[Stored items]
########

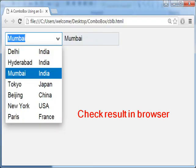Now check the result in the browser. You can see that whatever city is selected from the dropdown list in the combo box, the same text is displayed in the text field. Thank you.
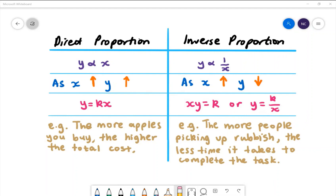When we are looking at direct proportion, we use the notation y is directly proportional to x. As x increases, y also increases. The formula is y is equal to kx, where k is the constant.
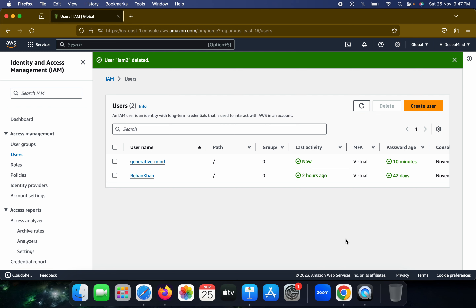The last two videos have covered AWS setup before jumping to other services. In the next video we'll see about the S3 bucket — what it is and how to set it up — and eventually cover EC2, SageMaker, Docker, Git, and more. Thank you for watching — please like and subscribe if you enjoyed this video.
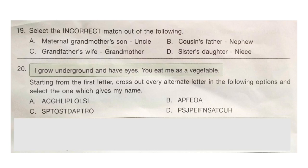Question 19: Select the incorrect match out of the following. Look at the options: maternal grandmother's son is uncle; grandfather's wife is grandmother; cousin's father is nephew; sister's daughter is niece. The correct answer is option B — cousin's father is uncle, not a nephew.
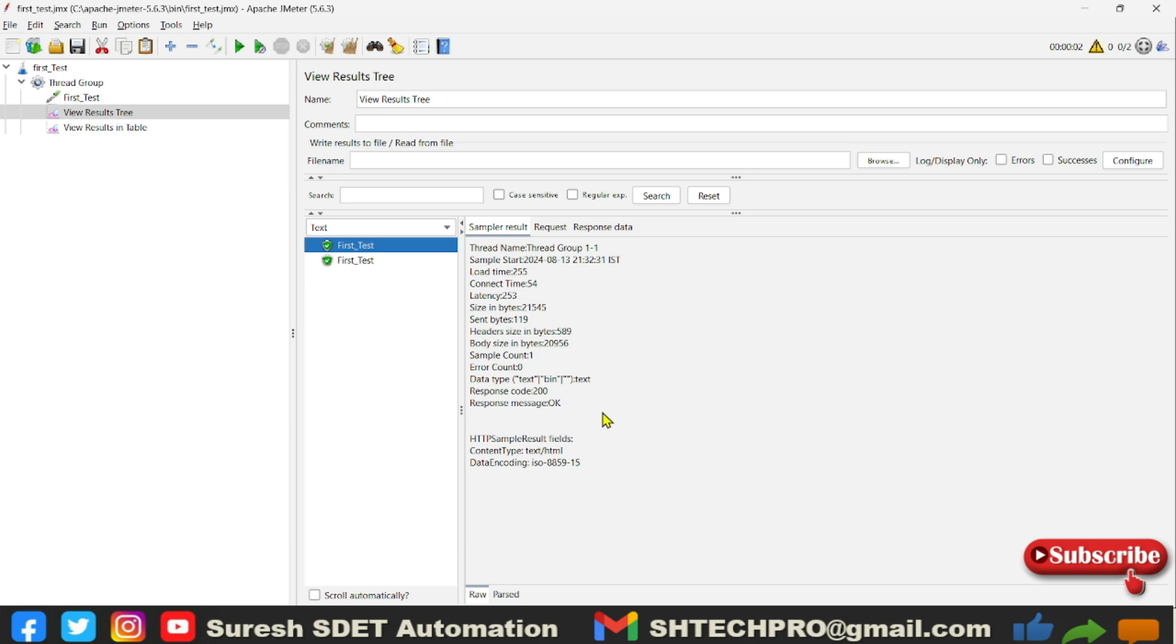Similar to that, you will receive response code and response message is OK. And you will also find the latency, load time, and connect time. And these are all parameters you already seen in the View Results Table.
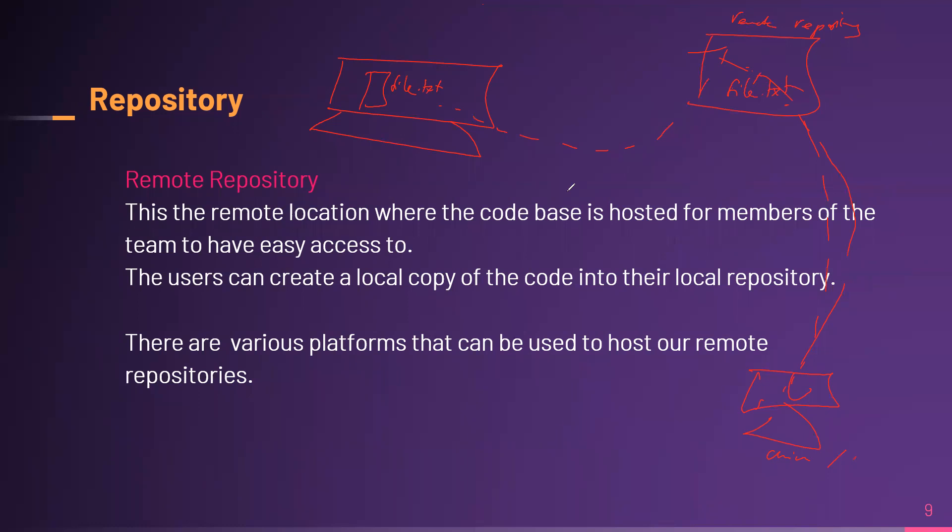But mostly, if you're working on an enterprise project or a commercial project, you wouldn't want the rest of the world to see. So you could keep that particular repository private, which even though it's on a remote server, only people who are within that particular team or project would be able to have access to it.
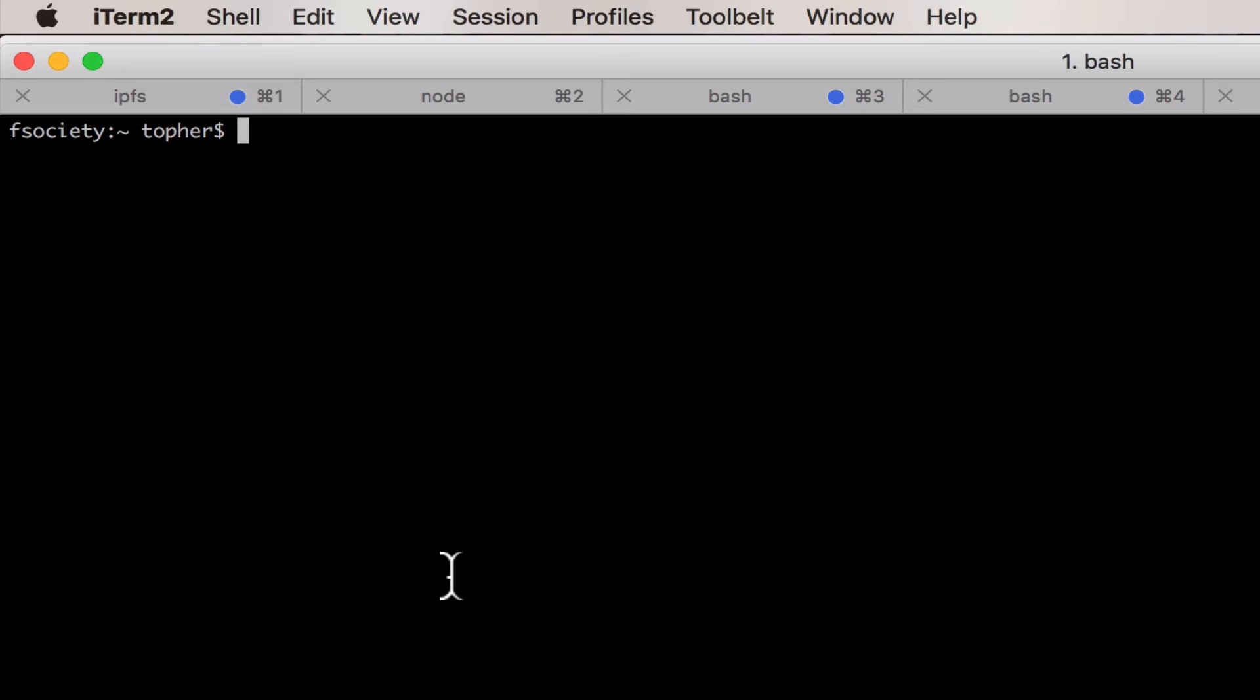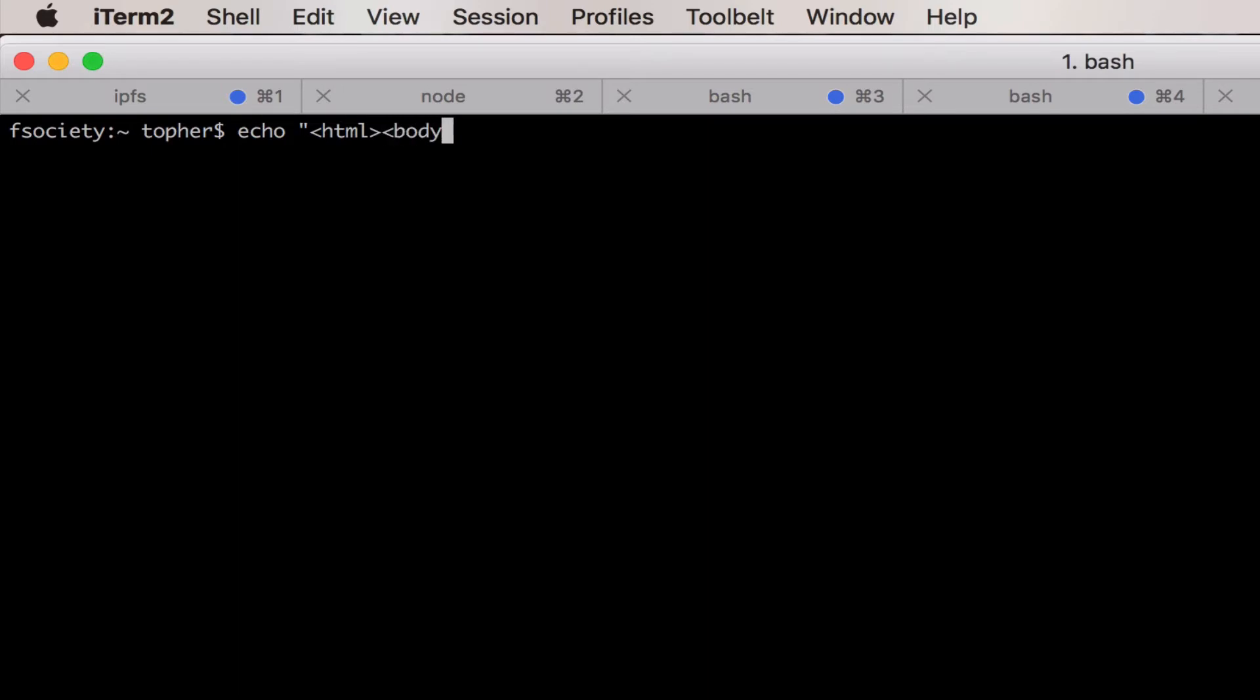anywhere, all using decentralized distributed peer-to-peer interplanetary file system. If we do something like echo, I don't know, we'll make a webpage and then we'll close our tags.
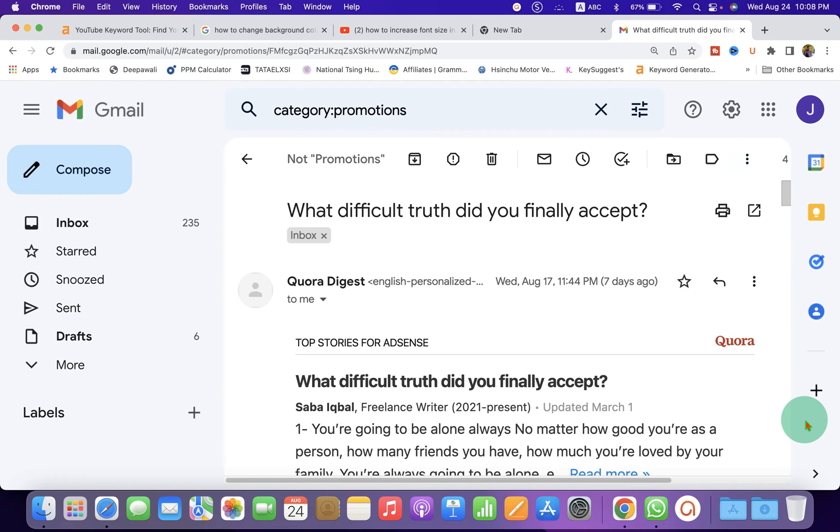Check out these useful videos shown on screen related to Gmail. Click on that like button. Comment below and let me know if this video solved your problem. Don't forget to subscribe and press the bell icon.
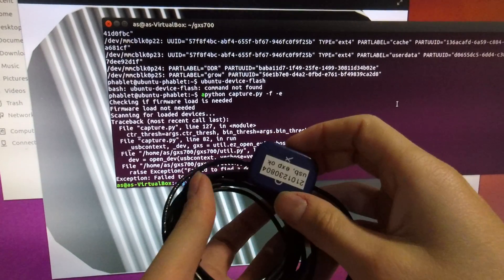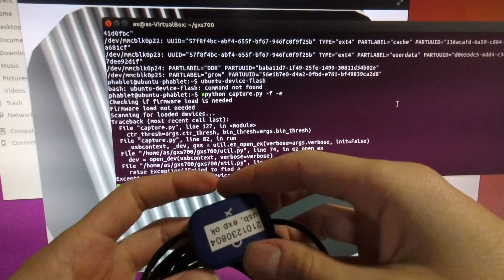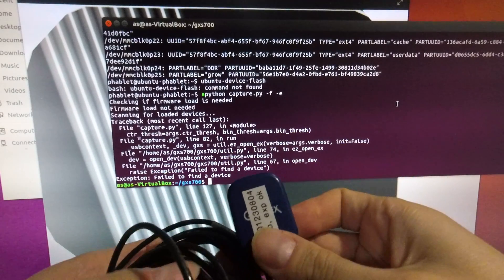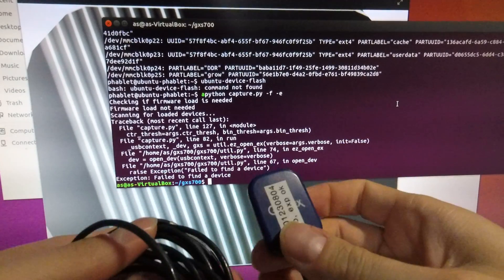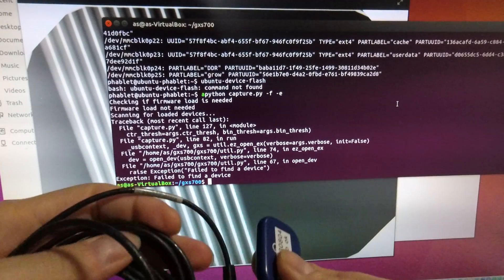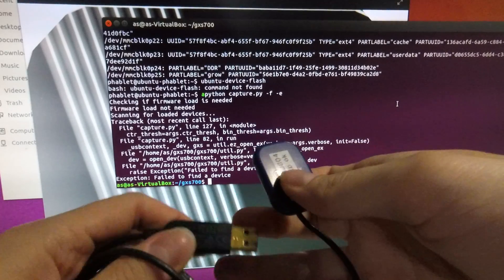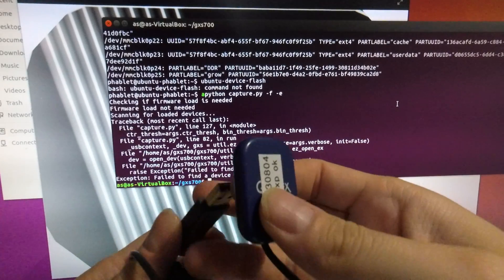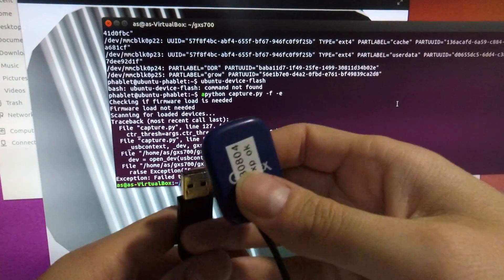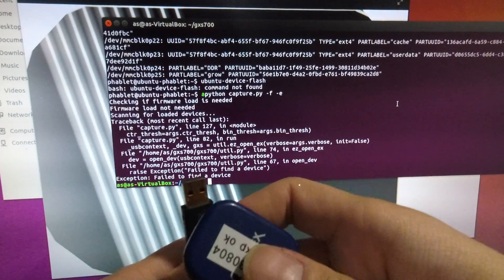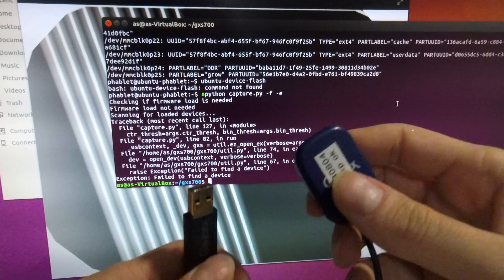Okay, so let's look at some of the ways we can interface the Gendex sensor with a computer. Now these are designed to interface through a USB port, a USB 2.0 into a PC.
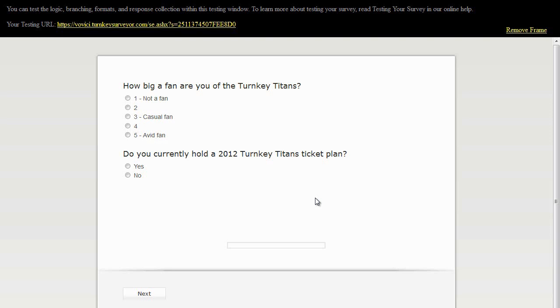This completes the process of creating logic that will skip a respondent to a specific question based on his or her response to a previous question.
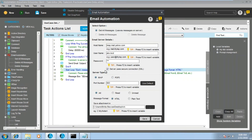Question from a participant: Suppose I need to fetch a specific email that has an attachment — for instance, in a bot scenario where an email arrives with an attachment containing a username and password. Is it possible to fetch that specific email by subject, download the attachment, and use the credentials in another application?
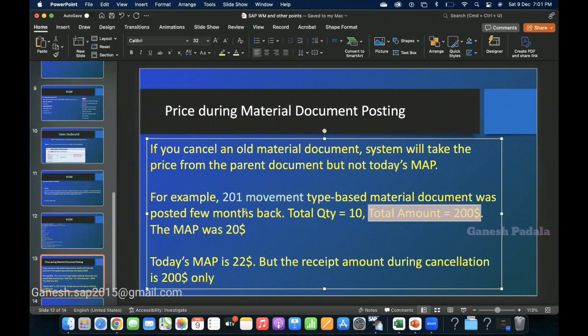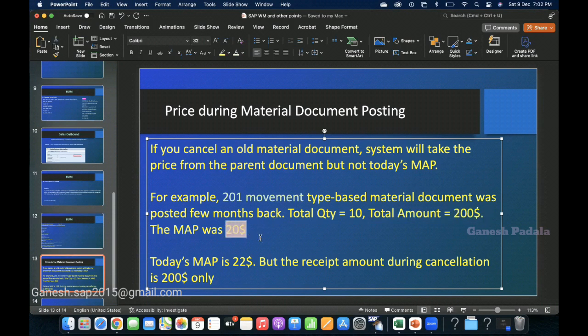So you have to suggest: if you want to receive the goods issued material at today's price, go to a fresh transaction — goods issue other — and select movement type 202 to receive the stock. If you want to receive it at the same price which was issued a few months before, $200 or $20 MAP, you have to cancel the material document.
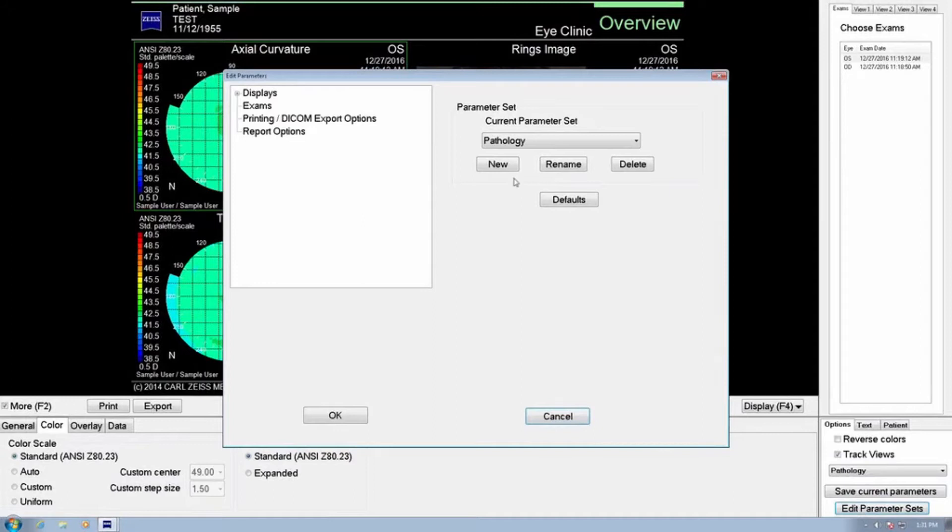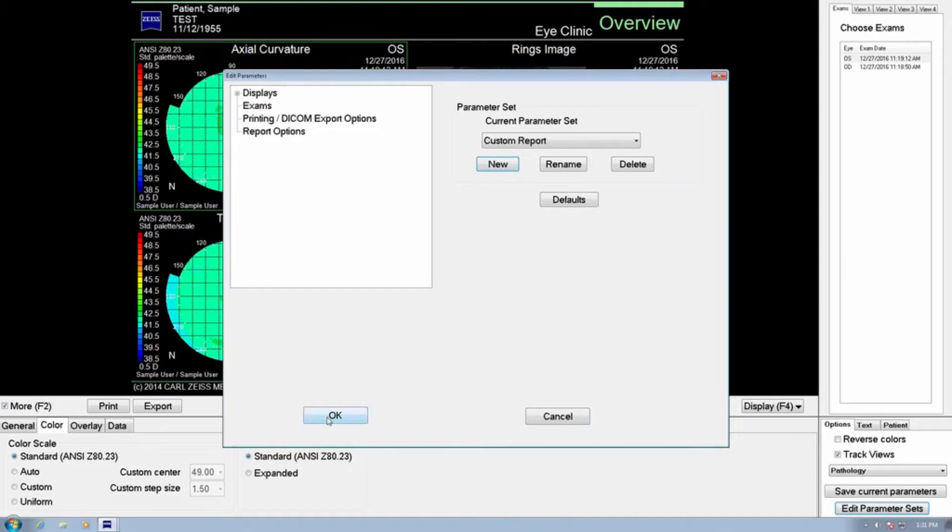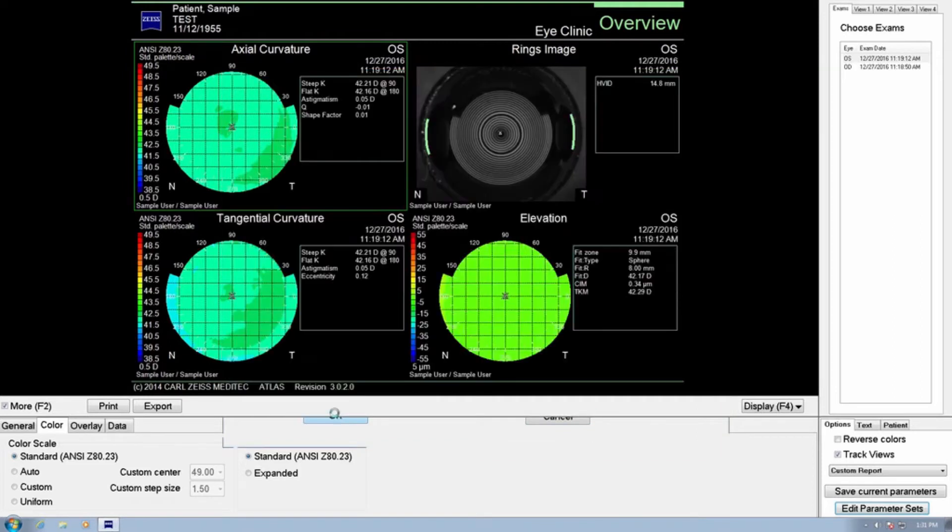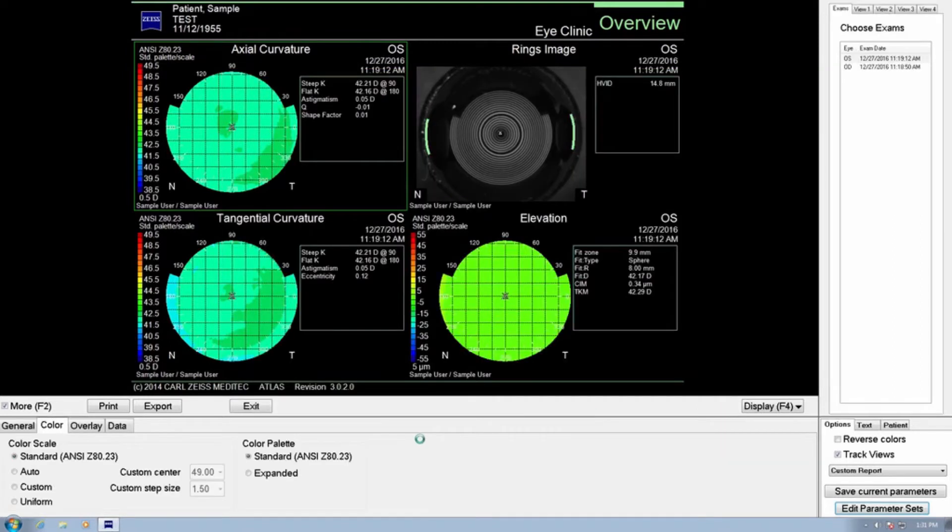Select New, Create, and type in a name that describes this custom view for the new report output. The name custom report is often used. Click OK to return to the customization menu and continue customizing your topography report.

########

* [Problem to solve]
Only lines belong in the copy: transcribe those from the start of the data through the line that contains "When we are", and skip the pictures.

* [Exercise result]
Now check the result in the browser. You can see that whatever city is selected from the dropdown list in the combo box, the same text is displayed in the text field. Thank you.
When we are looking at direct proportion, we use the notation y is directly proportional to x. As x increases, y also increases. The formula is y is equal to kx, where k is the constant.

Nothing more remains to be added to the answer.